Once upon a time it was so easy. You knew where you were with the term CIO because the only meaning it had for any of us was 'chief information officer' or, in the ancient jest, 'career is over'. Now it's not so easy as Fortis's CIO is a chief investment officer according to a recent report while the CIO of Citigroup could be either Marty Lippert, the much-beleaguered firm's chief information officer, or Deborah Hopkins, the same firm's chief innovation officer. Hopkins was previously Citi's CTO, COO and merger strategy chief (MSF?).
Put 'CIO' in your Google news alerts and you get plenty of references to the American Federation of Labor and Congress of Industrial Organizations (AFL-CIO), which is a bit like the UK's TUC. On the other hand you might get a review of a performance of Puccini's Madame Butterfly where Cio-cio is the eponymous heroine's other name.
Confused? You will be because if the people running the internet think they have a problem running out of names, the rest of us have to deal with a world in which the mania for three-letter acronyms and abbreviations (TLAs) - or for that matter two-and four-letter variants -- has gone berserk, leaving all of us running out of sense.
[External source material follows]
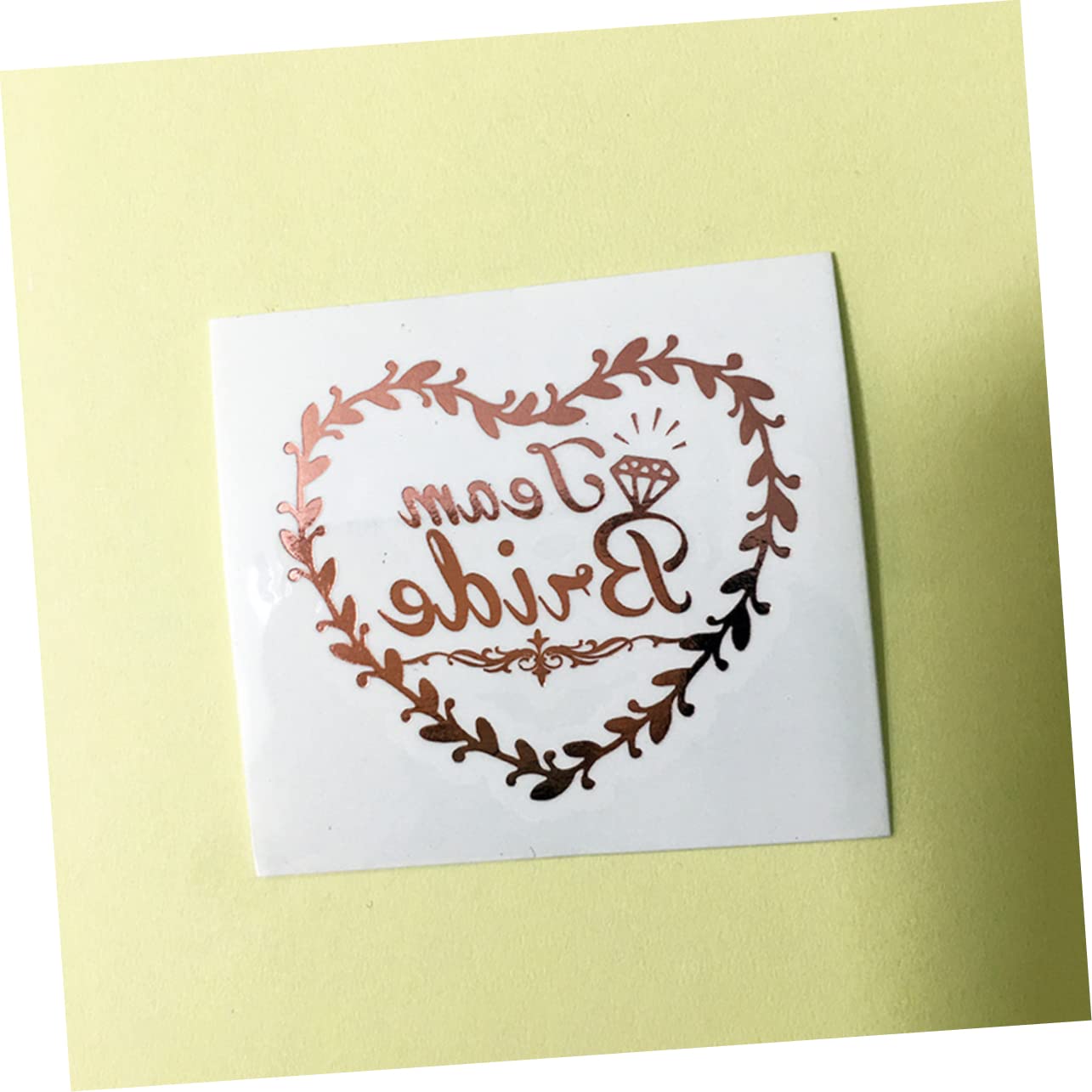minkissy 160piezas Tatuajes Temporales De Novia y Damas De Honor De Pegatinas Bodas Para Celebraciones De Despedida y Fiestas De Bachelorette Decoración Glamourosa Para Eventos Especiales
You might blame the web with its profusion of shortened tags such as IMHO, ROFL and RTFM, but the problem predates the WWW. After all, the GUI (gooey) was just another name for the WIMP. IBM had SNA, OS/2 and tons of others. Then Microsoft didn't help with its love of DDE, OLE and other shortened types. Things got really silly when Borland trumped Microsoft's Microsoft Office Manager (MOM) with its Desktop Application Director (DAD).
Fast-forward to today with the insane and inane profusion of C-suite executive conventions (CEO, CTO, CO, CFO, CPO, CSO, CISO etc ad nauseam) and you quickly realise that the name game has got to stop. Hands up who's ready for a single source of truth that rules on these names? You could call it a Naming Official Manual Or Register Emeritus (NO-MORE).